### WHAT NEEDS TO BE DONE:
Nothing outside the range below should be printed. Output exactly the lines from the line with "So LeVar shuts" to the line with "Hello, Brian from", both included.

### EXERCISE DATA:
************
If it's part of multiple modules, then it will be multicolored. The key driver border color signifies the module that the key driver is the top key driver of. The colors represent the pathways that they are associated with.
************
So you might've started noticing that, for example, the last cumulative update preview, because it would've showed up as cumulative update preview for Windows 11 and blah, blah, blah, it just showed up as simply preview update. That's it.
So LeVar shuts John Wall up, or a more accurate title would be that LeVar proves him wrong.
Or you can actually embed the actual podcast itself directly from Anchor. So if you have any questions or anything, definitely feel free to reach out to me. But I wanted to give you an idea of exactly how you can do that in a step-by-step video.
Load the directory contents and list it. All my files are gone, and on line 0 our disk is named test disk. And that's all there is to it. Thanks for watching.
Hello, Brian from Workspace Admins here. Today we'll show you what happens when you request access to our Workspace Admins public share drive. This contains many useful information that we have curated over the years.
************
### WRITTEN SOLUTION:
So LeVar shuts John Wall up, or a more accurate title would be that LeVar proves him wrong.
Or you can actually embed the actual podcast itself directly from Anchor. So if you have any questions or anything, definitely feel free to reach out to me. But I wanted to give you an idea of exactly how you can do that in a step-by-step video.
Load the directory contents and list it. All my files are gone, and on line 0 our disk is named test disk. And that's all there is to it. Thanks for watching.
Hello, Brian from Workspace Admins here. Today we'll show you what happens when you request access to our Workspace Admins public share drive. This contains many useful information that we have curated over the years.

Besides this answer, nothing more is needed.